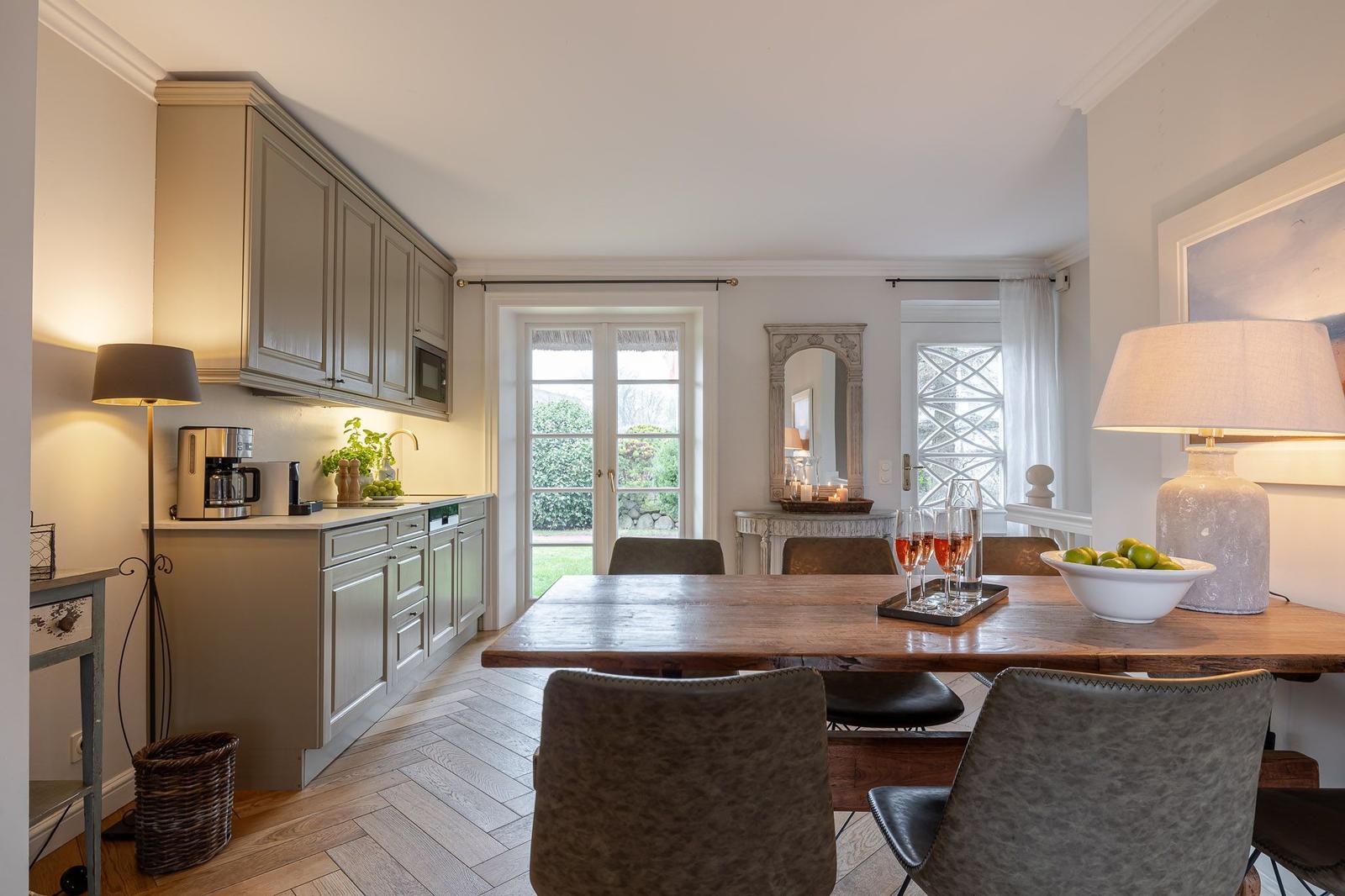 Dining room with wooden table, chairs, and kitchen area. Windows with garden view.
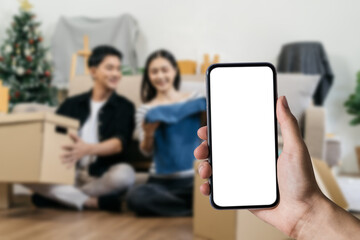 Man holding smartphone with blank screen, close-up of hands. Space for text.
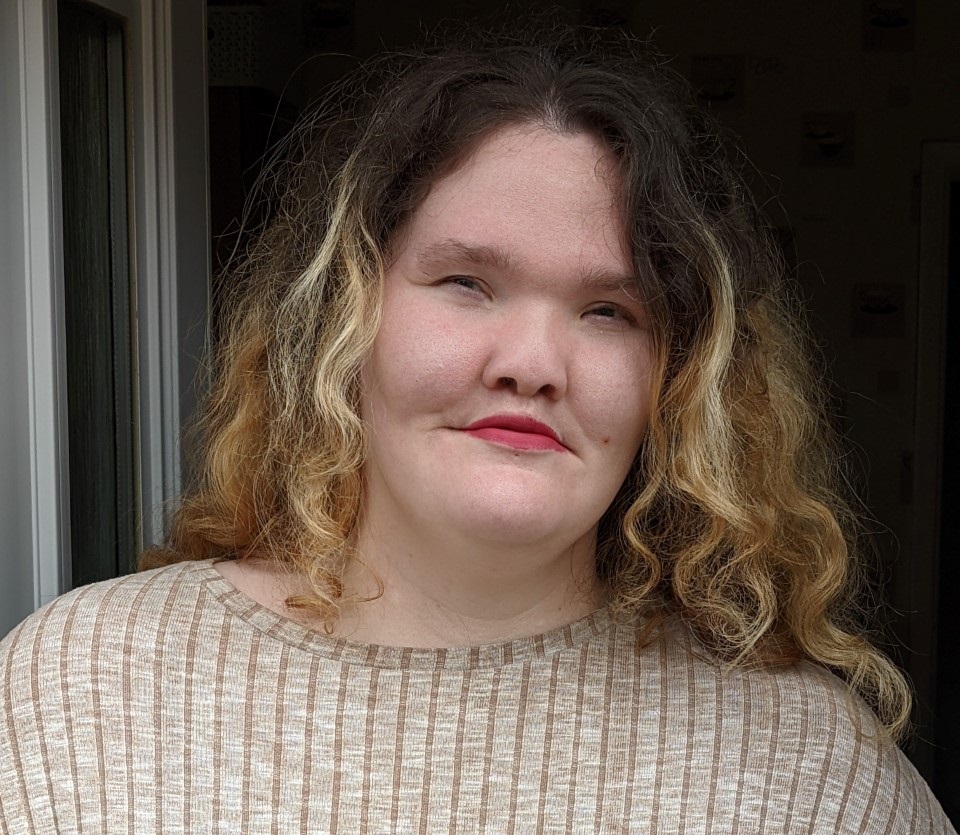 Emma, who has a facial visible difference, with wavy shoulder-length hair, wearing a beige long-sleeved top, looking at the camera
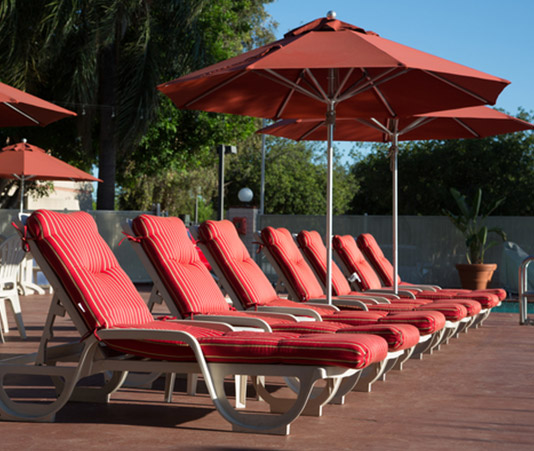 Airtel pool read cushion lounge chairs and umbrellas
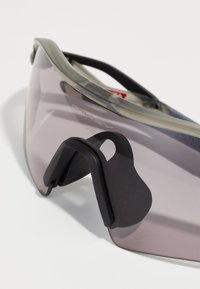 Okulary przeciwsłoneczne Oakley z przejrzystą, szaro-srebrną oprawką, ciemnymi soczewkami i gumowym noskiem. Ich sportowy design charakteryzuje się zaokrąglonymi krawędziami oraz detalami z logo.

---

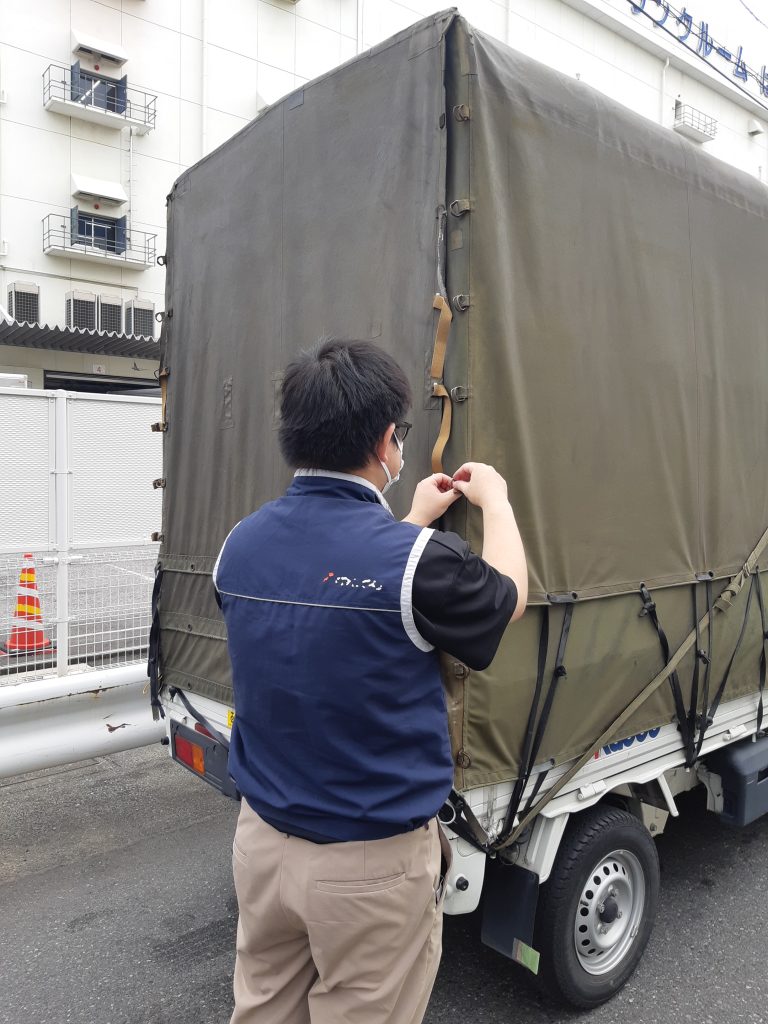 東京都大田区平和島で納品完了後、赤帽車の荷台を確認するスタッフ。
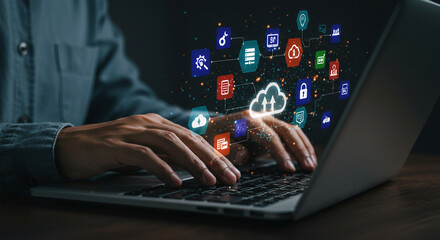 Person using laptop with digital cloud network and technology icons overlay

• **Work request**
Print everything from the line with "Dining room with" down to the line with "Okulary przeciwsłoneczne Oakley" in the entries above, both lines included and nothing more, without the pictures.

• **Response to the task**
 Dining room with wooden table, chairs, and kitchen area. Windows with garden view.
 Man holding smartphone with blank screen, close-up of hands. Space for text.
 Emma, who has a facial visible difference, with wavy shoulder-length hair, wearing a beige long-sleeved top, looking at the camera
 Airtel pool read cushion lounge chairs and umbrellas
 Okulary przeciwsłoneczne Oakley z przejrzystą, szaro-srebrną oprawką, ciemnymi soczewkami i gumowym noskiem. Ich sportowy design charakteryzuje się zaokrąglonymi krawędziami oraz detalami z logo.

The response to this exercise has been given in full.